_Exercise prompt_
Beginning with the line that contains "Point of Balance" and ending with the last line of the records, write out each line exactly and omit the pictures.
■ ■ ■ ■ ■ ■ ■
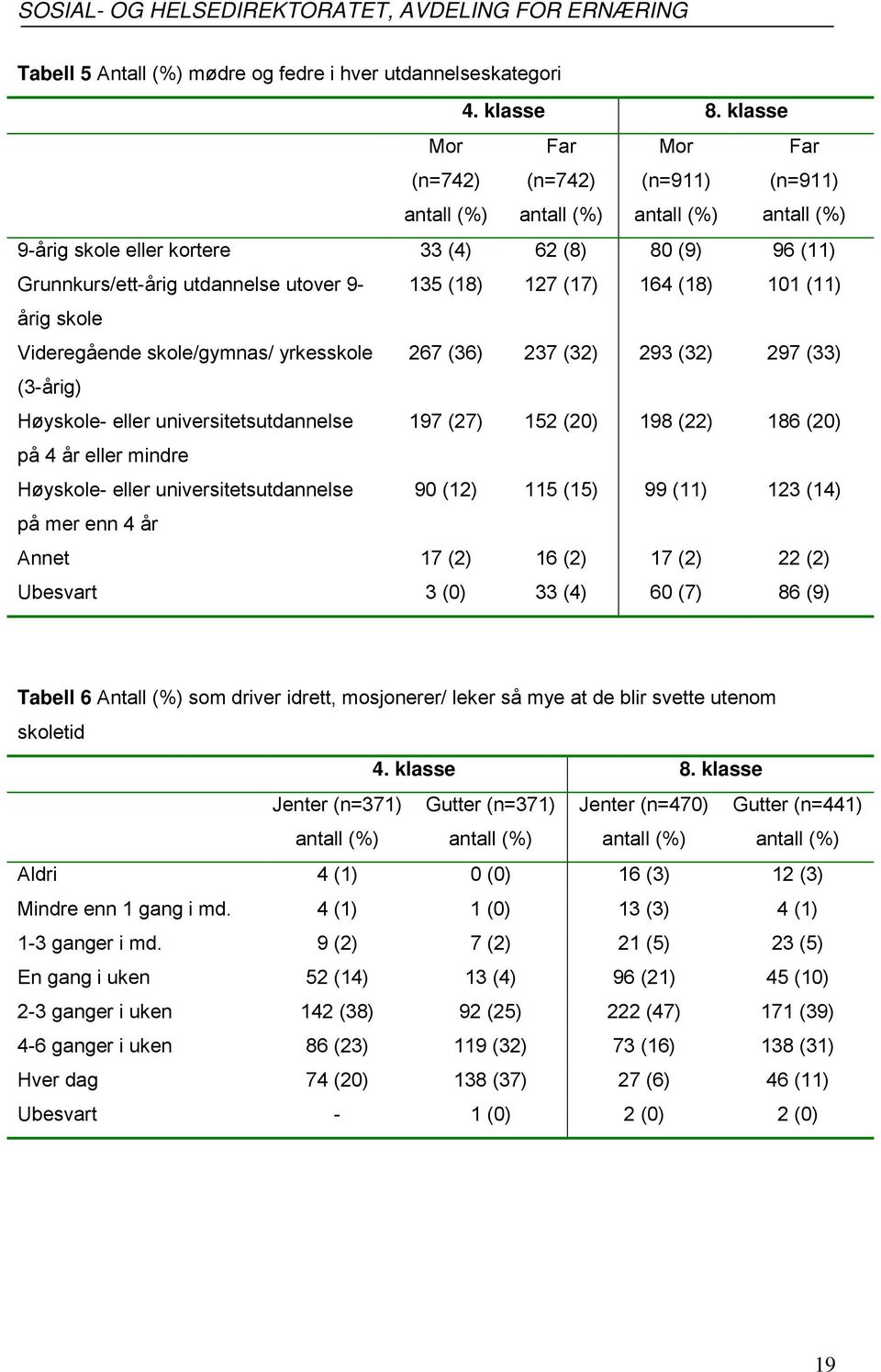 (18) 127 (17) 164 (18) 101 (11) årig skole Videregående skole/gymnas/ yrkesskole 267 (36) 237 (32) 293 (32) 297 (33) (3-årig) Høyskole- eller universitetsutdannelse 197 (27) 152 (20) 198 (22) 186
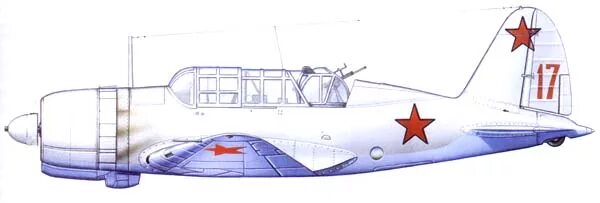 Ка су 2. Су-2 бомбардировщик чертежи. Су-2 (ББ-1). Самолет-бомбардировщик Су-2 СССР. Ближний бомбардировщик Су-2.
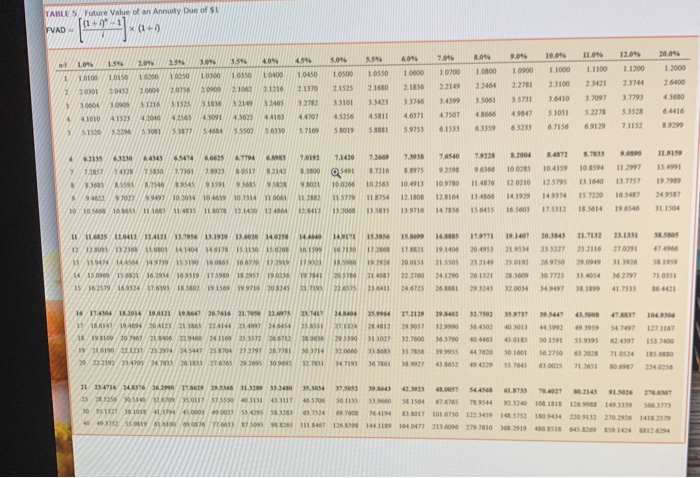 of $1 and PVAD of $1) (Use appropriate factor(s) from the tables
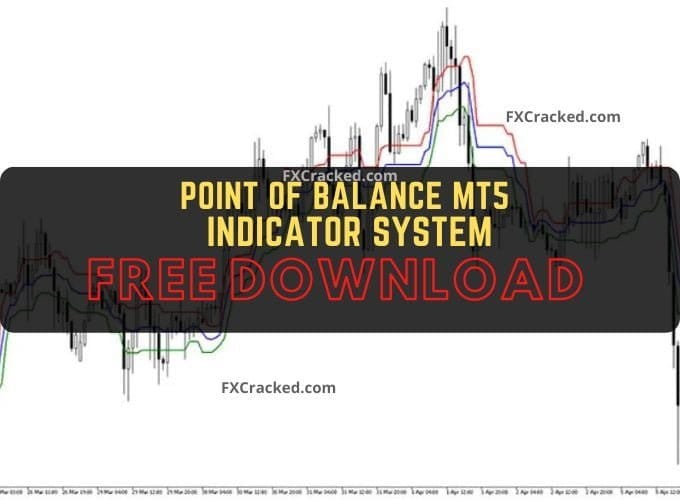 Point of Balance MT5 Forex Indicator Free Download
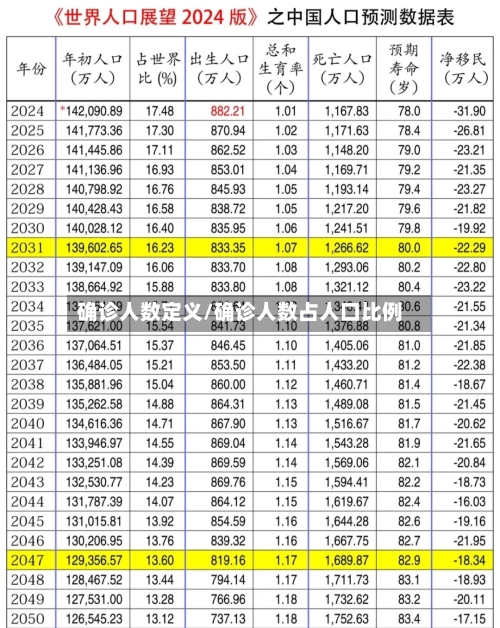 确诊人数定义/确诊人数占人口比例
■ ■ ■ ■ ■ ■ ■
_Result below_
 Point of Balance MT5 Forex Indicator Free Download
 确诊人数定义/确诊人数占人口比例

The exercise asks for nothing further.